Beginning at the line containing "pawhut gallinero para" in the material below and ending at the line containing "Wildflower Boho Navy Blue Fall", return each line exactly and add nothing.

Task material:
┌────────

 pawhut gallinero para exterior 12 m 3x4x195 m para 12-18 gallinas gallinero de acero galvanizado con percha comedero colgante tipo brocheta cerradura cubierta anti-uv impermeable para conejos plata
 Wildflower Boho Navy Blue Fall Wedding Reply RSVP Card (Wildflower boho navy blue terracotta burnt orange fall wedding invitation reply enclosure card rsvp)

└────────
┌────────

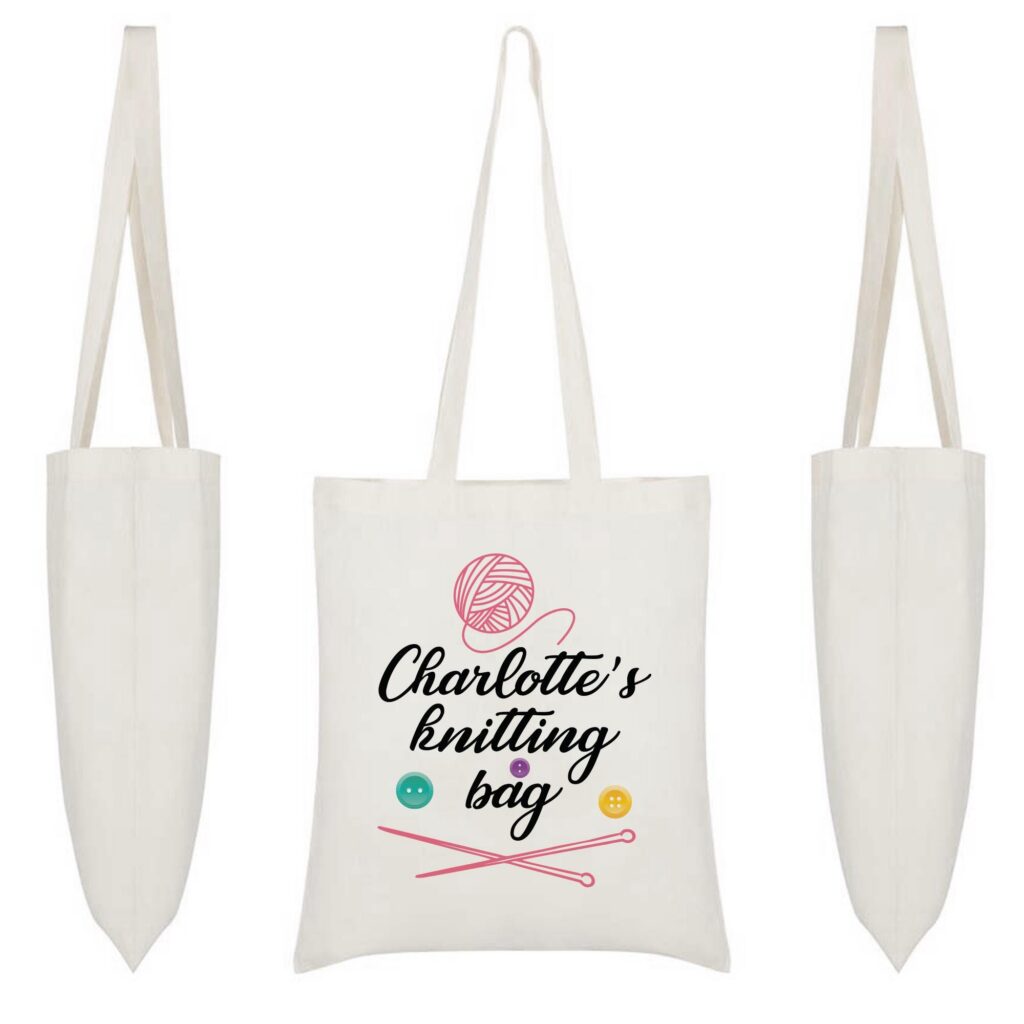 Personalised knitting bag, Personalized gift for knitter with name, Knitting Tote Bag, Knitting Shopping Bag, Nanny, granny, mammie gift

└────────

Task answer:
 pawhut gallinero para exterior 12 m 3x4x195 m para 12-18 gallinas gallinero de acero galvanizado con percha comedero colgante tipo brocheta cerradura cubierta anti-uv impermeable para conejos plata
 Wildflower Boho Navy Blue Fall Wedding Reply RSVP Card (Wildflower boho navy blue terracotta burnt orange fall wedding invitation reply enclosure card rsvp)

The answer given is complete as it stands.